Wow. It doesn’t take long for a blog to get neglected, does it? Let’s make an easy transition back in and start with a listicle. Here I am going list 5 books that we like which are suited to the 3–6 age range and encourage abstract thinking. This won’t be your typical reading experience. There will be a lot of interruptions, questions, and dialogue. It’ll be fun.
In My Heart: A Book of Feelings
The kids seem to like the novelty of the heart cut-outs, but they also enjoy the imagery the author instills for each emotion experienced by the sole character. The melodic flow makes it easy and fun to read as well. The books ends with a question, “how does your heart feel?” and I always get an interesting answer.
This is Not a Book
book (bʊk), noun: a written or printed work consisting of pages glued or sewn together along one side and bound in covers.
So this is a book. But your kids might argue with you on that. I often catch them “reading” this one on their own, even the ones who can’t read. It’s hard to describe. Just get it.
This might be for a little bit older audience, but it works for the younger ones in small spurts. It is book full of personal, intriguing questions accompanied by a photography or drawing. For example, one page asks, “Have you ever been really alone?” and there is a picture of a child under a tree staring up at the sky. Sometimes they just describe the picture or say “I don’t know”. Occasionally you get a interesting answer and learn something you maybe didn’t know about your child.

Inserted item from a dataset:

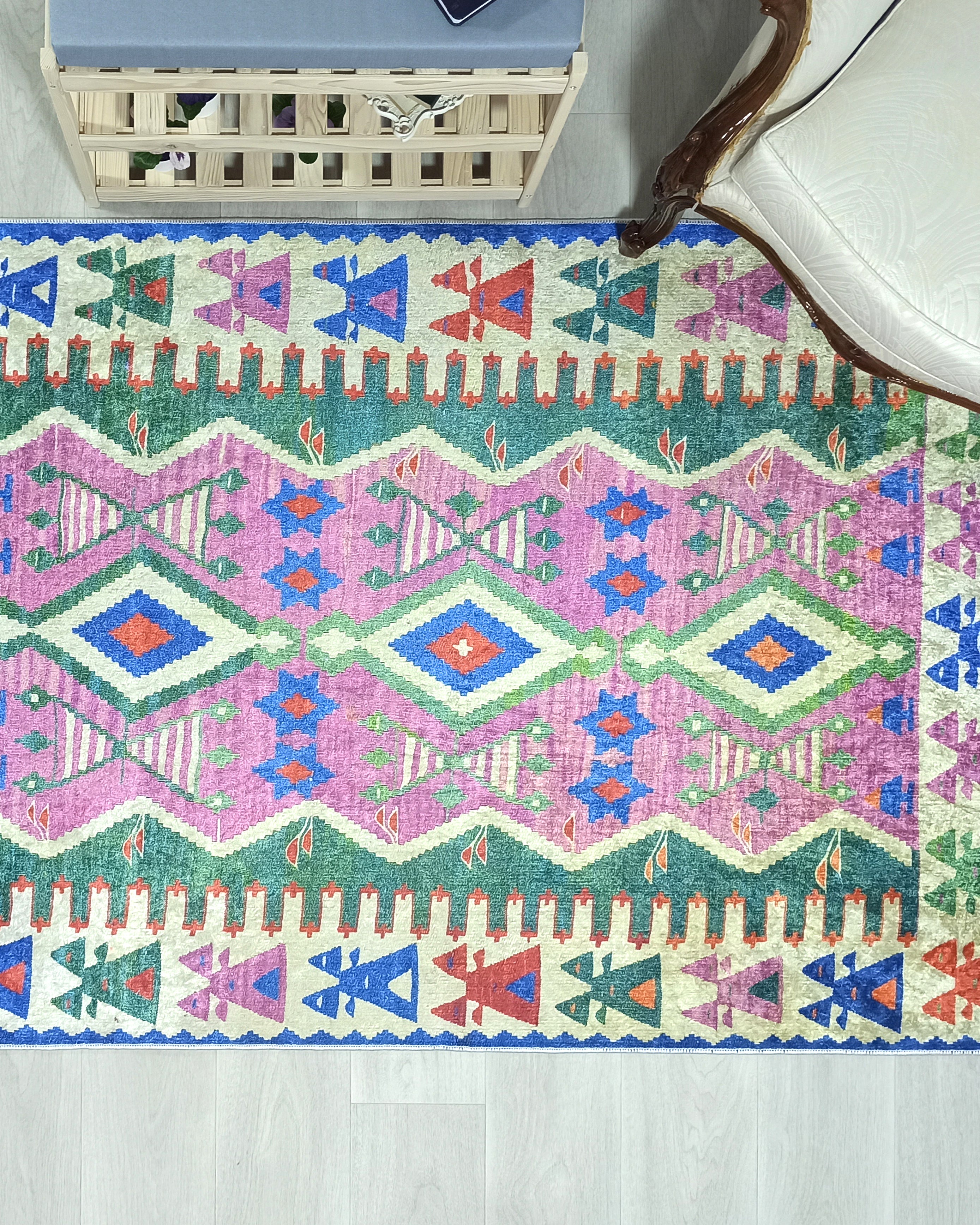 Kilim Style Rug, Colourful, Modern Home Décor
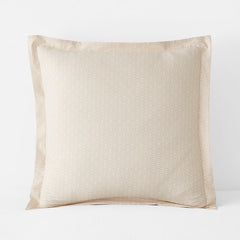 Clemencia Classic Cool Cotton Percale Sham - Geo Peach Blossom, Euro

The Curious Guide to Things That Aren’t
For each letter of the alphabet, an idea or non-material thing is first described with clues. The reader must guess before it is revealed and described with a scientifically accurate explanation. For example, D is for Darkness. It is first described cryptically by where you can find it (a cave) and what makes it go away (flashlight).
The Book With No Pictures
I don’t get it. I mean, I can see why the first 10 times are funny. But over and over again, really? And now you are reading these words because that’s how blogs work. BLORK.